At the time of survey, over half of residents currently living within a residential rehab facility had received their first dose of a COVID-19 vaccination (57%). A total of 101 out of 177 residents had received their first COVID-19 vaccination across the residential rehab facilities who provided a response to this question at the time of the survey.[9]

The vast majority of facilities (94%) reported that they would be able to provide assistance should a resident need to be accompanied to their vaccination appointment.

All facilities made contact with residents prior to admission, with just under half (n= 8, 47%) reporting having a dedicated person who remains in contact with a new resident in the immediate period leading up to admission. The remaining facilities reported either having a team who maintains contact with the individual entering their program, have a single pre-admission appointment or failed to detail their specific pre-admission procedures.

3.4 COVID-19 Isolation procedures

The majority of facilities (71%) surveyed reported isolating residents upon arrival. Of those adopting isolation protocols, a number facilities reported that this was for either a period of 14 days, or until a negative PCR or two negative LFD tests were obtained. One facility noted that they had reduced their period of self-isolation to minimise the potentially negative impact this period has on an individual's recovery. This is due to the relative vulnerability of an individual in the period immediately after admission to rehab and increased likelihood of unplanned exit.

All facilities reported having specific isolation protocols in place in the event of a resident contracting COVID-19 whilst residing at their facility. Specific protocols varied but were focused around a period for self-isolation for 10-14 days and notifying track and trace teams.

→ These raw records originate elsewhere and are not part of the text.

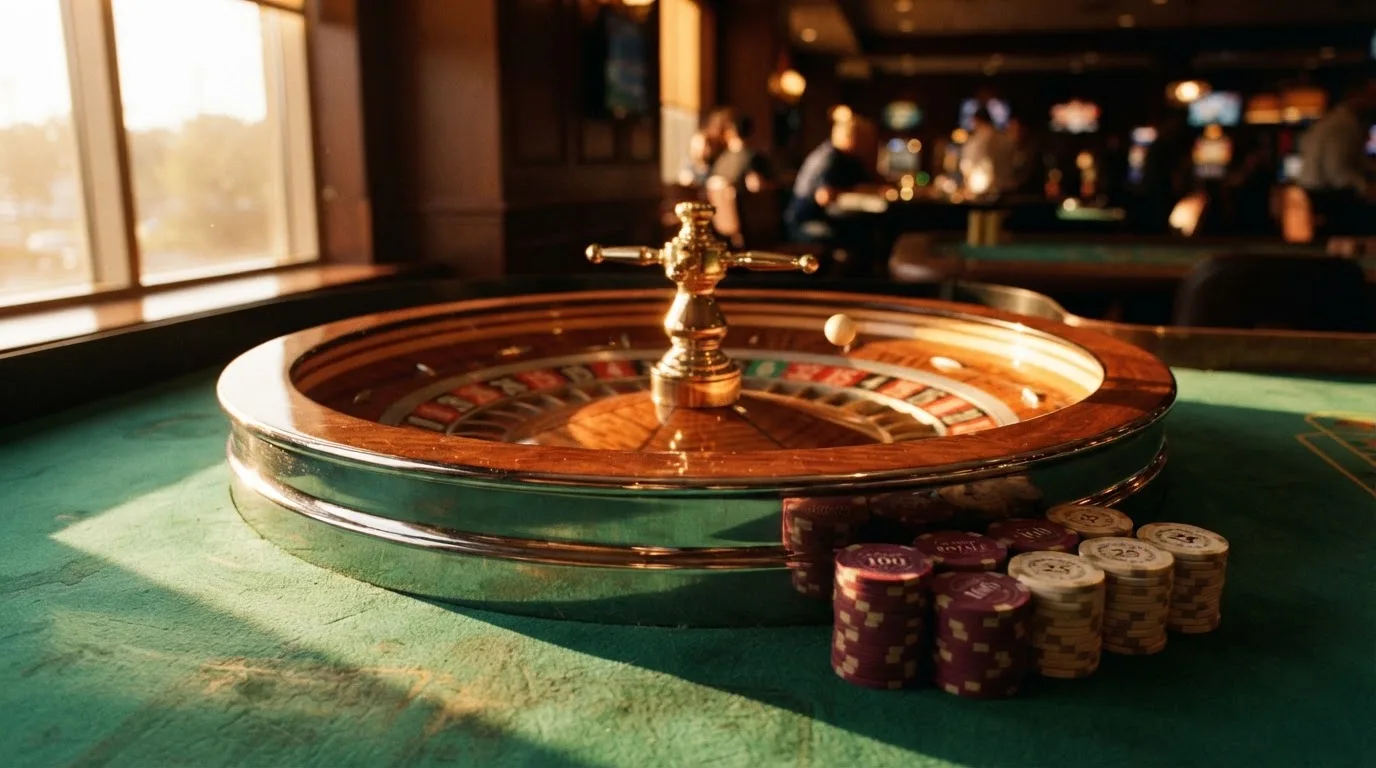 Roda de roleta e fichas sobre feltro verde, sob uma luz quente de fim de tarde — jogos de caça-níqueis em portugal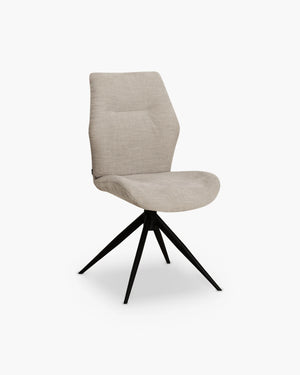 Draaibare eetkamerstoel in beige microvezel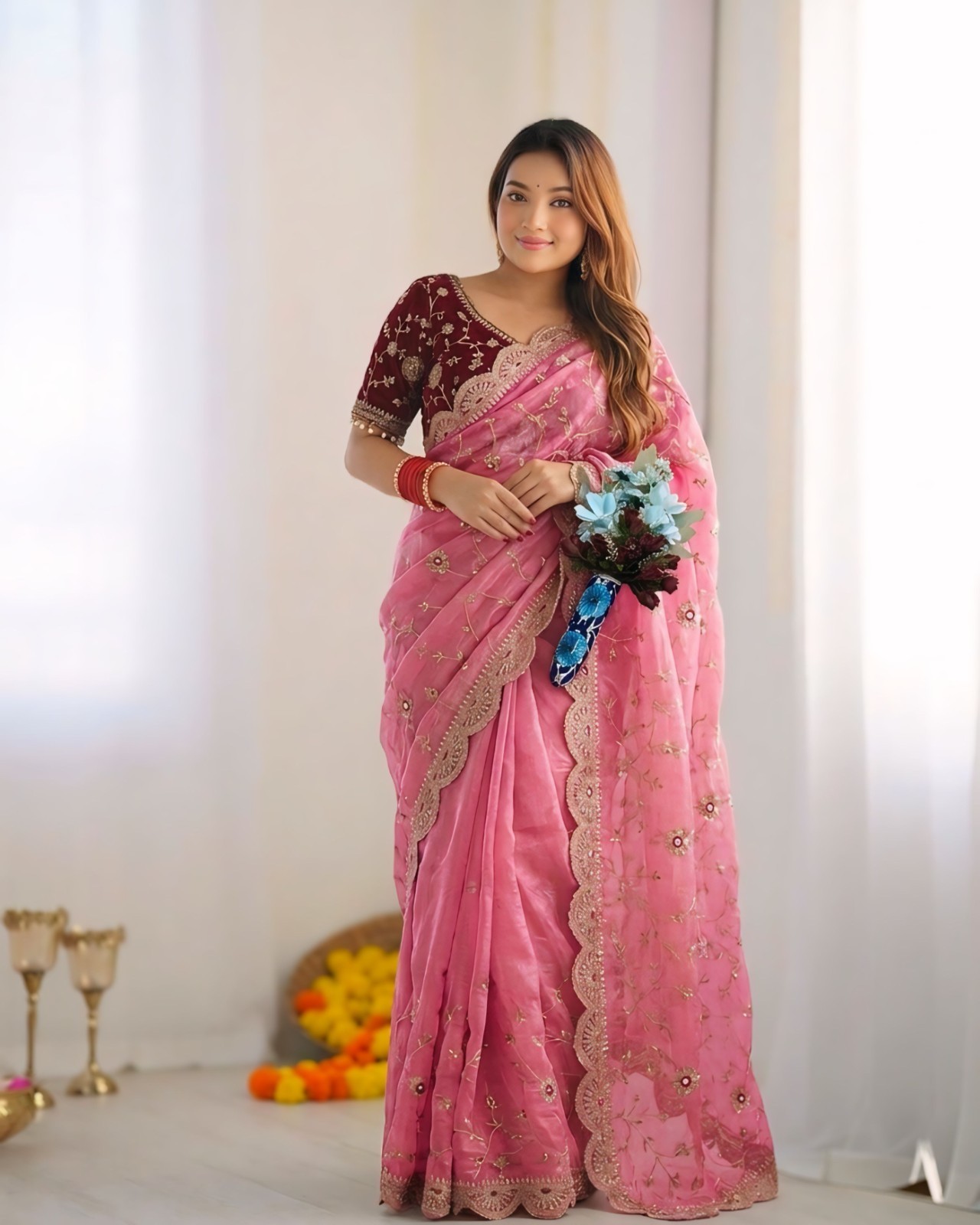 Cherry Red & Baby Pink Organza Saree With Designer Embroidered Blouse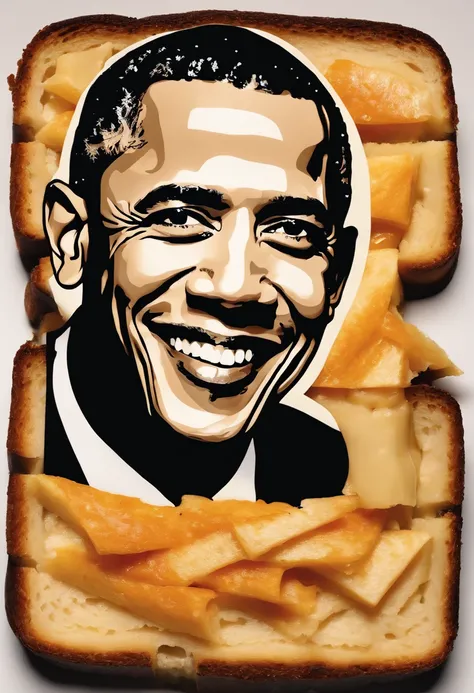 A close-up image of Obama, made entirely of grilled cheese, enjoying a grilled cheese sandwich with a big smile on his face.,original,Obama’s face on grilled cheese sandwich , male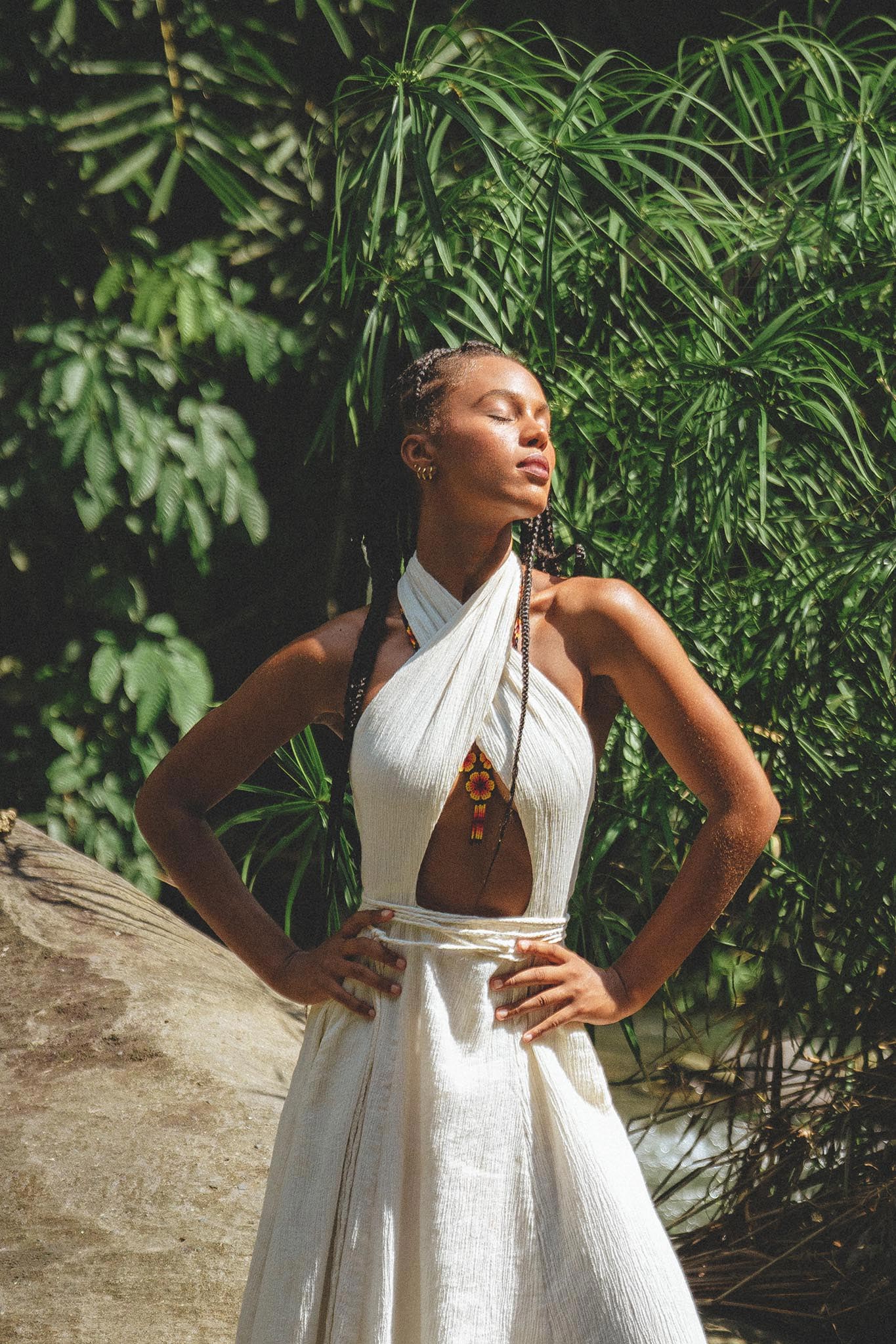 Complete your outfit with Aya Sacred Wear's back laces dress.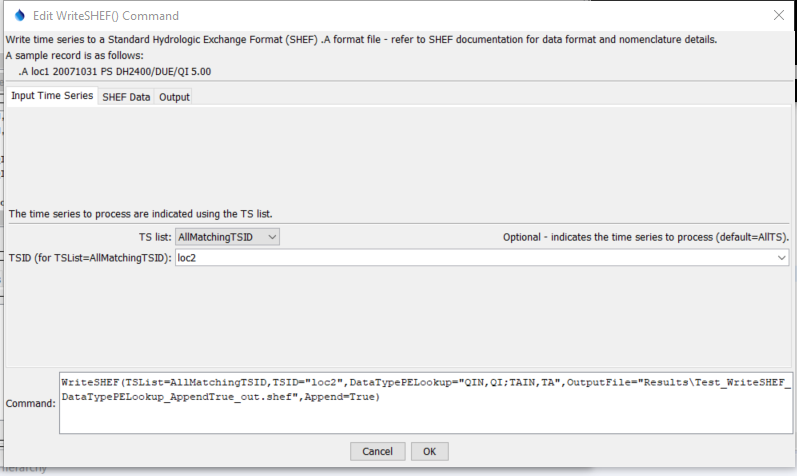 WriteSHEF command editor for input time series parameters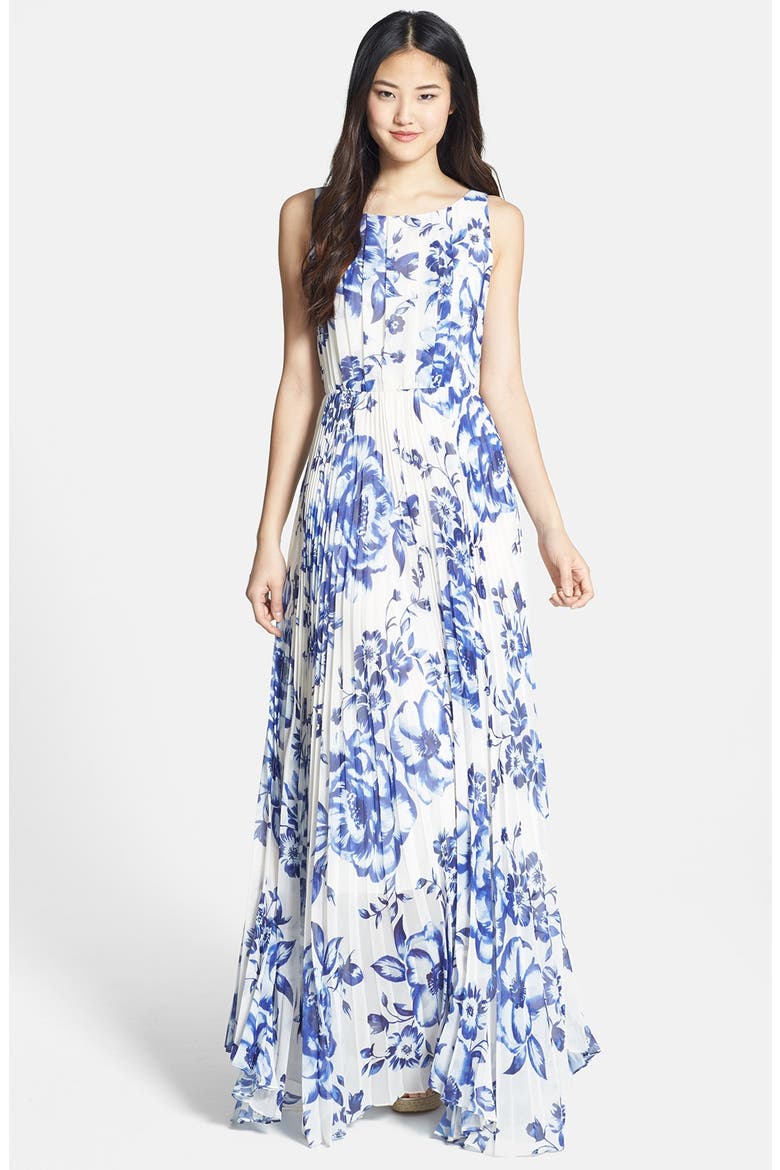 Pleated Floral Chiffon Maxi Dress, Main, color, COBALT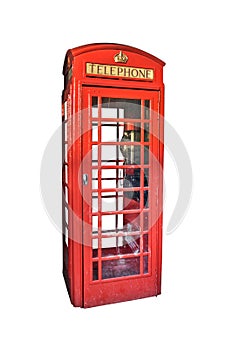 London red phone booth isolated on white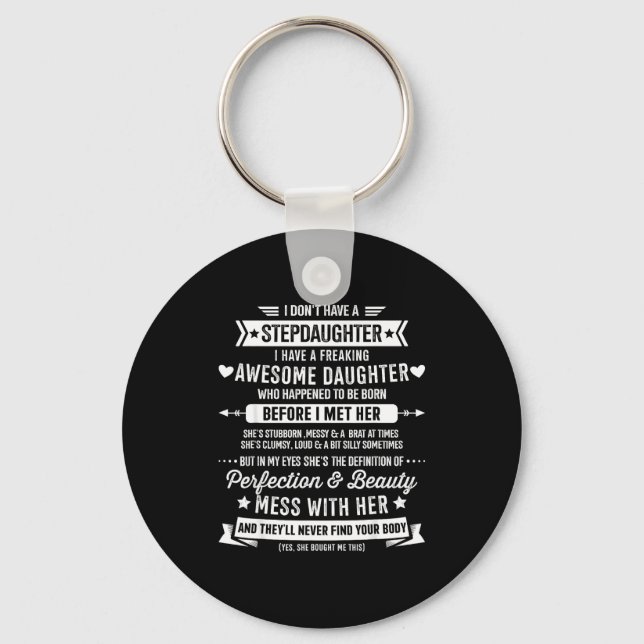 Awesome Stepdaughter For Step Bonus Dad Fathers Da Key Ring (Front)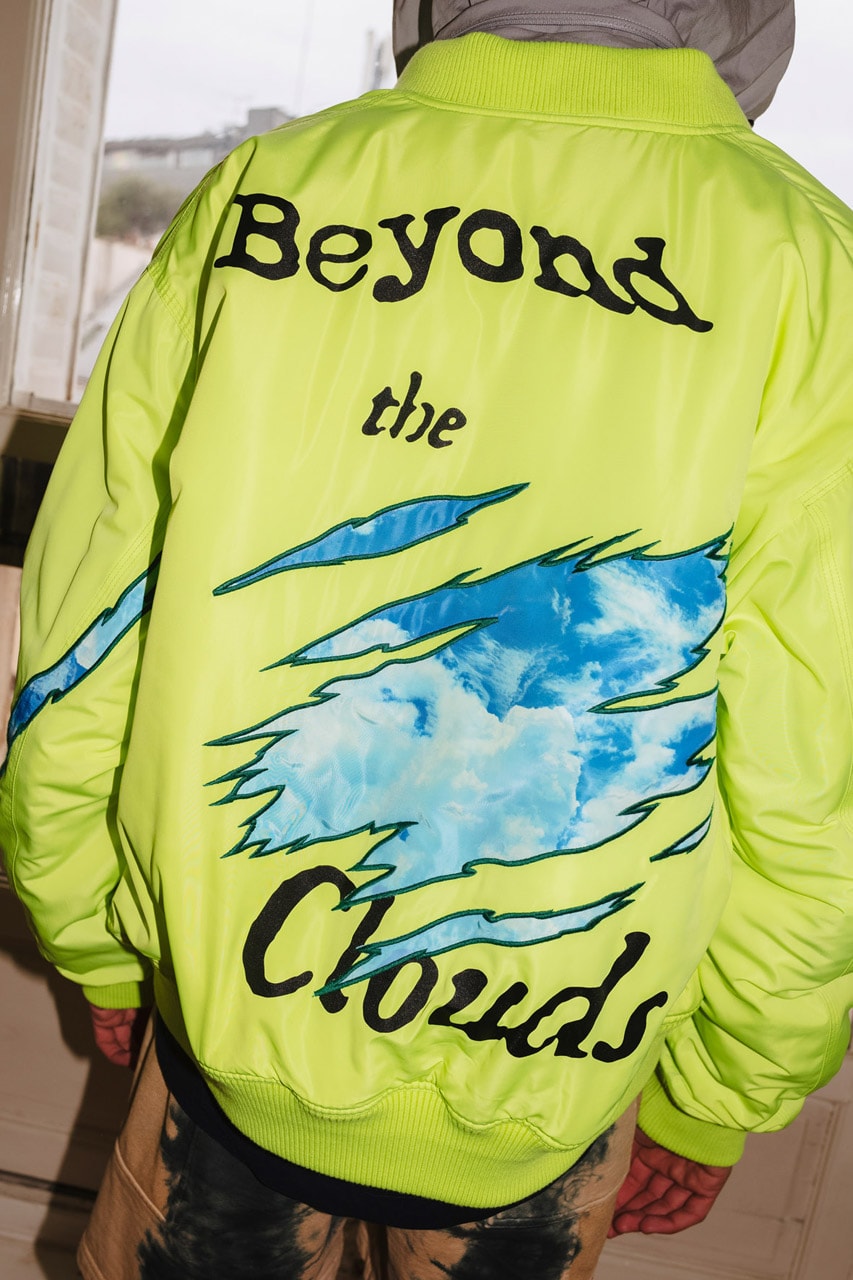 PAM Perks and mini Fall Winter 2019 Beyond The Clouds Collection neon graphics bomber jacket flower motif jewelry polartec outerwear sweatpants patchwork flannels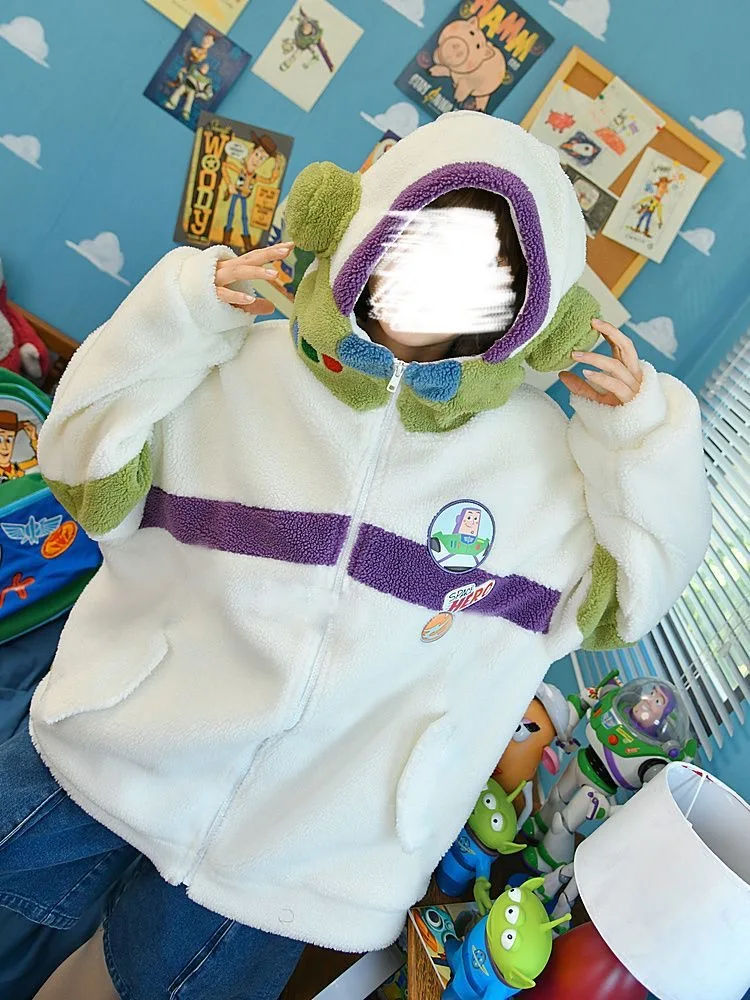 Disney Toy Story Buzz Lightyear Lamb Coat for Men Women Cartoon Winter Warm Thicken Loose Hooded Coat Cosplay Jacket Outwear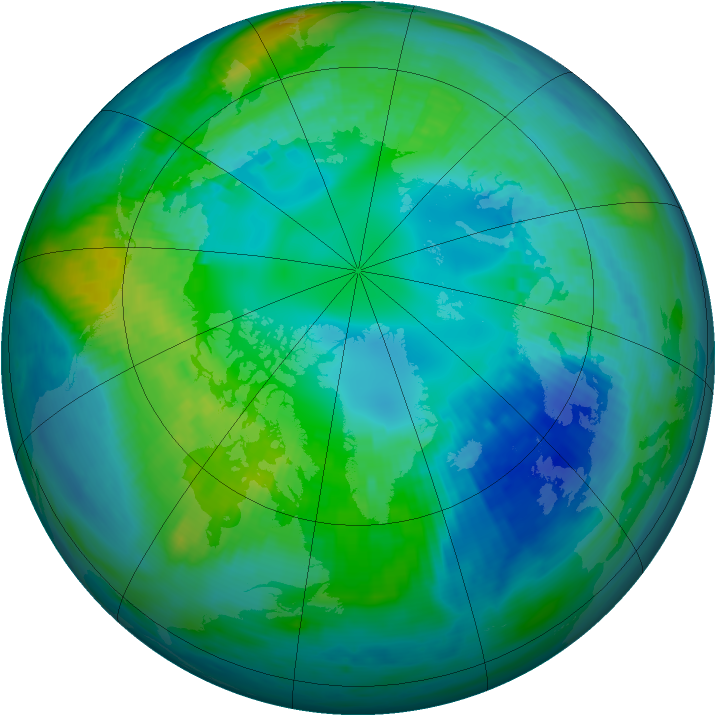 Arctic ozone map for 25 October 1983
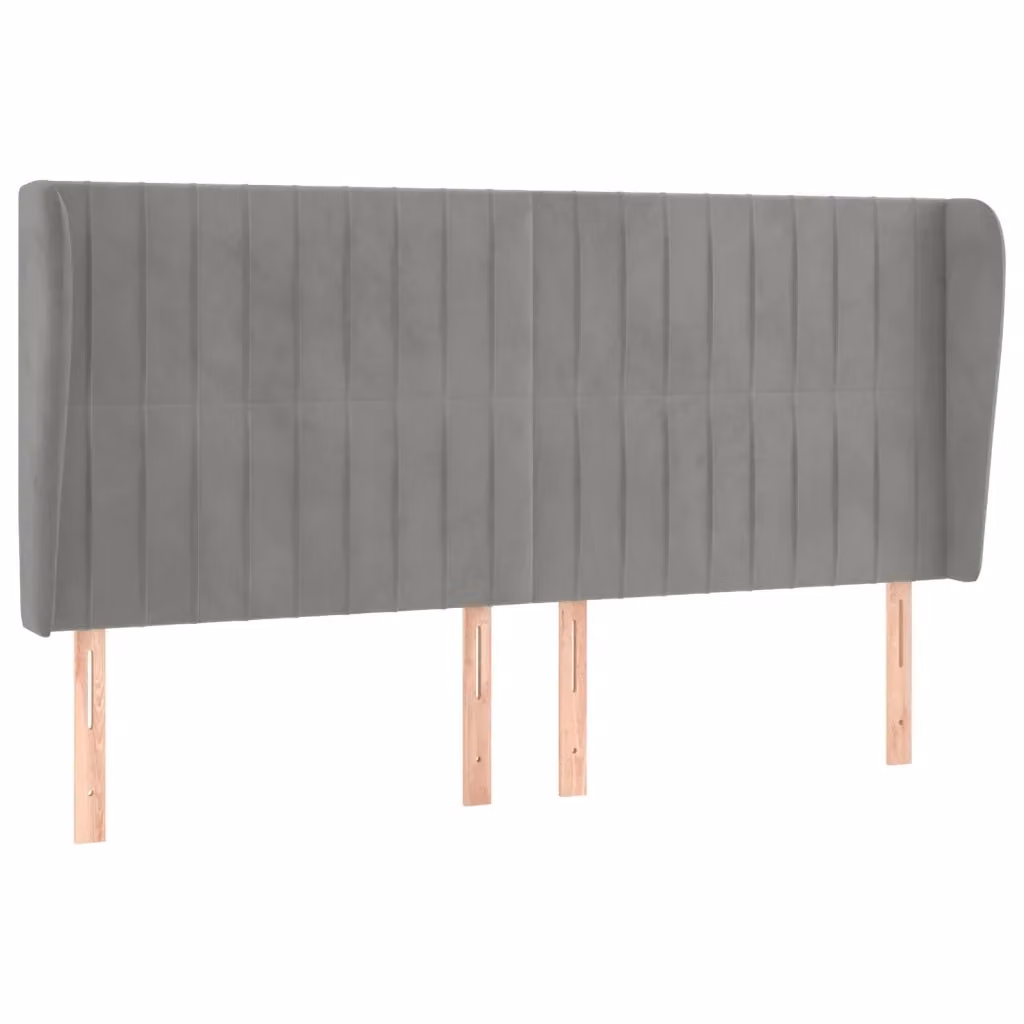 Testiera con Orecchie Design Mania in Velluto Grigio Chiaro L: 203 cm, P: 23 cm, H: 118/128 cm – 2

3.5 COVID-19 procedures around visitors

Ten facilities (59%) reported currently allowing visitors to their facility. Of these, some reported only allowing visitors to meet residents outdoors and only allowing limited numbers of pre-planned visitors per resident. Of those who reported that visitors are currently not allowed to their facility, some mentioned they did in exceptional circumstances allow for a limited number of pre-planned visitors deemed essential to the recovery and wellbeing of an individual as well as other essential maintenance staff, trades people and contactors to the facility.

All facilities reported adopting specific protocols around visitors to their facility. Specific protocols varied across different facilities but were focused on social distancing and making use of LFD testing, temperature checks, personal protective equipment (PPE) and hand washing procedures.